Członkowie WRDS zwrócili też uwagę, że w rybnickiej elektrowni w ostatnich latach zrealizowano szereg inwestycji, dzięki którym ta jednostka wytwórcza spełnia rygorystyczne normy w zakresie ochrony środowiska. "Inwestycje o wartości ponad 400 milionów złotych umożliwiają bezpieczną i efektywną pracę minimum do roku 2030. Plan zamknięcia Elektrowni Rybnik w 2025 roku, ogłoszony przez prezesa PGE GiEK S.A., wywołuje poważne obawy. Jest to decyzja nie tylko niespodziewana, ale także sprzeczna z wcześniejszymi deklaracjami zawartymi w porozumieniu między rządem a stroną społeczną, zgodnie z którymi elektrownia konwencjonalna miała funkcjonować co najmniej do 2030 roku, z możliwością dalszej analizy jej działania" – czytamy w stanowisku.
We wrześniu ubiegłego roku właściciel elektrowni Rybnik, spółka PGE GiEK, zapowiedział zaprzestanie produkcji energii elektrycznej w rybnickiej elektrowni do końca 2025 roku oraz wyłączenie produkcji ciepła do końca 2026 roku. Zgodnie z wcześniejszymi zapowiedziami i porozumieniami ze stroną społeczną Elektrownia Rybnik miała pracować co najmniej do 2030 roku.

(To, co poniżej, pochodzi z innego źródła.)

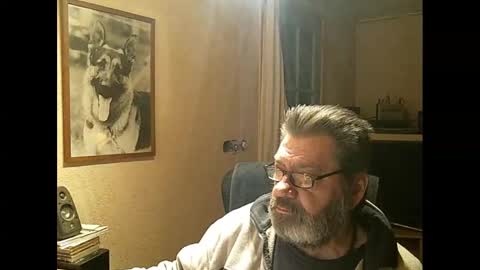 Snapshot of erwin1966 chatting on February 2025 11:04:02 PM Erwins room welcome sound on online show from February 2025 11:04:02 PM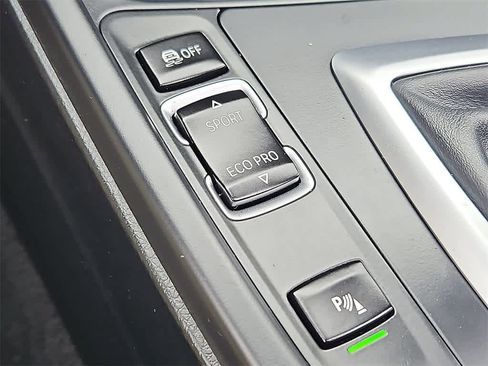 Used 2018 BMW 440i xDrive Convertible image 24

W grudniu PGE poinformowała o zamiarze wydłużenia pracy dwóch bloków węglowych w rybnickiej elektrowni do 2026 roku i dwóch kolejnych do 2027. W ocenie związków zawodowych działających w elektrowni Rybnik korekta harmonogramu pracy elektrowni jest krokiem w dobrą stronę, ale nie rozwiązuje problemu. Jak podkreślają przedstawiciele strony społecznej, przedwczesne zamknięcie elektrowni oznacza nie tylko utratę kilku tysięcy miejsc pracy w samym zakładzie oraz jego otoczeniu, ale również potężne problemy z utrzymaniem stabilności polskiego systemu energetycznego. Tym bardziej że plany przedwczesnej likwidacji zostały ogłoszone również w przypadku innych elektrowni węglowych, m.in. Elektrowni Łaziska oraz Elektrowni Dolna Odra.
"Likwidacja energetyki konwencjonalnej spowoduje przerwy w dostawach energii"

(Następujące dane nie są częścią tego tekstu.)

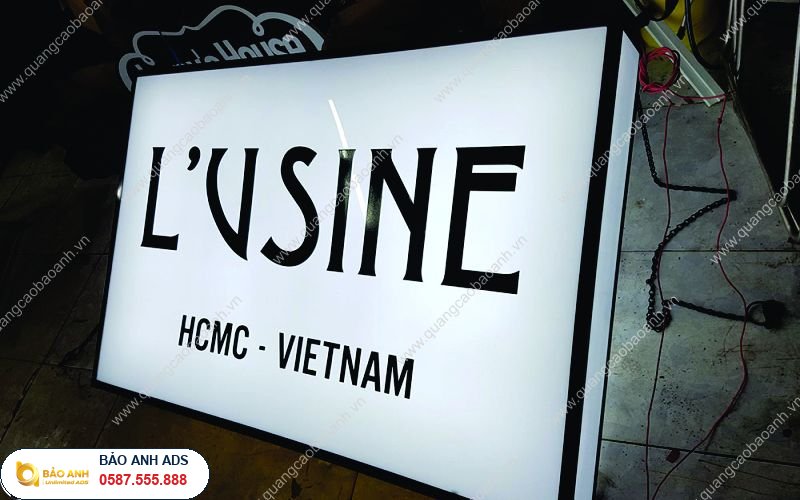 Biển Hộp Đèn Mica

W ocenie ekspertów oraz wg prognoz Polskich Sieci Energetycznych przyspieszona likwidacja energetyki konwencjonalnej spowoduje, że już w przyszłym roku przerwy w dostawach energii w naszym kraju wyniosą łącznie ok. 100 godzin, a w kolejnych latach liczba ta będzie gwałtownie rosnąć.

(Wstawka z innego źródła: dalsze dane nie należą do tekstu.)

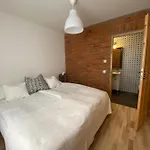 401 Mury Apartment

9 stycznia w Warszawie odbędzie się demonstracja w obronie miejsc pracy w Elektrowni Rybnik, Elektrowni Łaziska, Elektrowni Dolna Odra oraz Elektrowni Kozienice, a także w zakładach kooperujących z tymi przedsiębiorstwami. Pikietę współorganizują Krajowy Sekretariat Górnictwa i Energetyki NSZZ "S" oraz Regiony Śląsko-Dąbrowski i Pomorza Zachodniego NSZZ "S".